Every pilot is inspired to fly for different reasons—personal and technical challenge, freedom and new perspectives, civilian or military professional career paths.
But the obstacles that arise between us and that goal are just as varied. Medical problems, family priorities, geographic inconvenience and financial obligations can all get in the way.
The latter is what stopped my prop. In 2007, my wife and I moved to a new city. Between buying a new home, entry level pay and existing debt, money was tight. I wanted to fly, sure, but the reality was that I didn’t actually need to fly.

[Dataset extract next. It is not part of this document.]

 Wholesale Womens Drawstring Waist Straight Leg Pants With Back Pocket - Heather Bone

Once on better financial ground, the itch came back… bad. I scheduled a check flight and a BFR with the local flight school.

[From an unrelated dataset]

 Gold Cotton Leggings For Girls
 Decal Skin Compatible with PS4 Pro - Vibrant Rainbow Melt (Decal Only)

It’d been over four years since I’d flown as pilot-in-command. Sure, I’d right-seated a couple of times with friends, but that’s not the same as accepting the mantle of PIC.
The flight was a week away. Getting myself up to snuff wouldn’t be easy. So, I did what I was taught—I made a plan to fly and then I flew the plan.
Day 1: Number Crunching
A good flight starts with good preflight planning, so that’s where I started my review. Plus, I figured an unfamiliar flight school wouldn’t let me near their airplanes if I showed up with sloppy, inaccurate paperwork.
During my flight training and active flying, I calculated weight and balance and plotted cross countries on a daily basis. It was nothing to bang out wind correction angles, fuel burn, and time between points. The idle years, unfortunately, had chiseled away at these skills, so I set out to refresh them.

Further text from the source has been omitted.